The migration of the computation from the cloud into edge devices, i.e., Internet-of-Things (IoTs) devices, reduces the latency and the quantity of data flowing into the network. With the emerging open-source and customizable RISC-V Instruction Set Architecture (ISA), cores based on such ISA are promising candidates for several application domains within the IoT family, such as automotive, Unnamed Aerial Vehicles (UAVs), industrial automation, healthcare, agriculture etc., where power consumption, real-time execution, security and reliability are of highest importance. In this emerging new era of connected RISC-V IoT devices, mechanisms are needed for a reliable and secure execution, still meeting area, energy consumption and computation time constraints of edge devices. We propose three mechanisms towards this goal 41, i.e., (i) a Root of Trust module for post-quantum secure boot, (ii) hardware checkers against hardware trojan horses and microarchitectural side-channel attacks, and (iii) a fine-grained dual core lockstep mechanism for real-time error detection and correction.
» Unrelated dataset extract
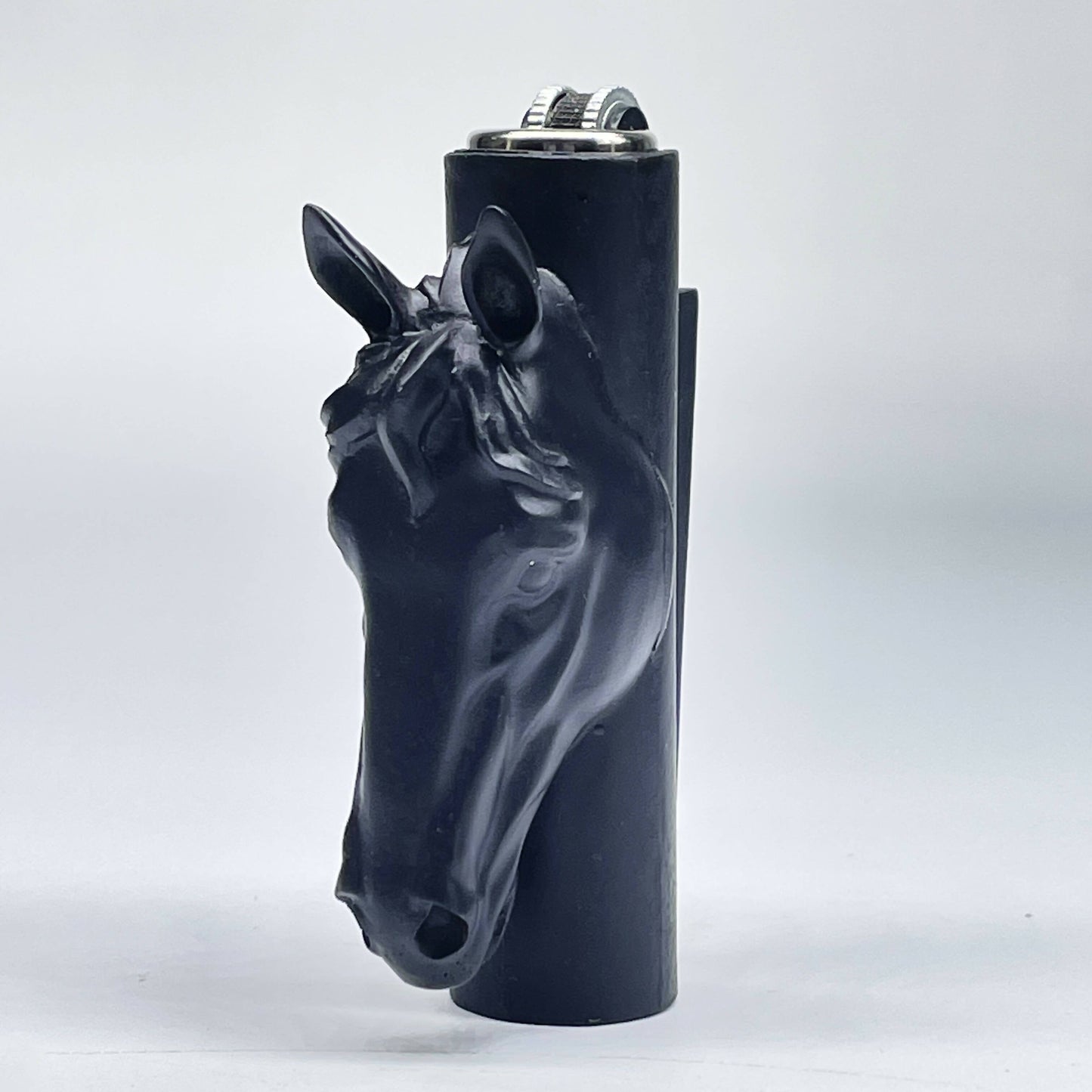 Black Horse 3D Lighter Case for Mini ClipperLighter_4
Real-time execution requires bounds in the worst-case execution time, while reliable execution is under threat, as systems are becoming more and more sensitive to transient faults. Thus, systems should be enhanced with fault-tolerant mechanisms with bounded error detection and correction overhead. Such mechanisms are typically based on redundancy at different granularity levels. Coarse-grained granularity has low comparison overhead, but may jeopardize timing guarantees. Fine-grained granularity immediately detects and corrects the error, but its implementation has increased design complexity. To mitigate this design complexity, we leverage high-level specification languages to design intrusive fine-grained lockstep processors based on the use of shadow registers and rollback, with bounded error detection and correction time, being appropriate for critical systems 40.
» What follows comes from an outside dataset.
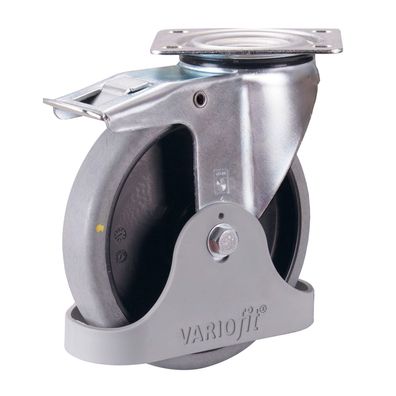 VARIOfit ESD Bremsrolle 65EUR Shore A 200x40mm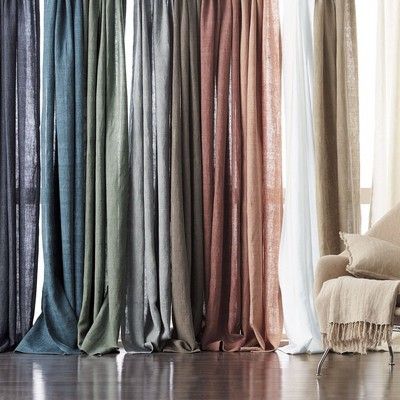 Trendy Linen Curtains Dubai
Furthermore, the majority of approaches, dealing with hardware faults, address the impact of faults on the functional behavior of an application, i.e., denial of service and binary correctness. Few approaches address the impact of faults on the application timing behavior, i.e., time to finish the application, and target faults occurring in memories. However, as the transistor size in modern technologies is significantly reduced, faults in cores cannot be considered negligible anymore. This work shows that faults not only affect the functional behavior, but they can have a significant impact on the timing behavior of applications. To expose the overall impact of faults, we enhance vulnerability analysis to include not only functional, but also timing correctness, and show that faults impact WCET estimations 39. A RISC-V core is used as a case study. The obtained results show that faults can lead up to almost 700% increase in the maximum observed execution time between fault-free and faulty execution without protection, affecting the WCET estimations.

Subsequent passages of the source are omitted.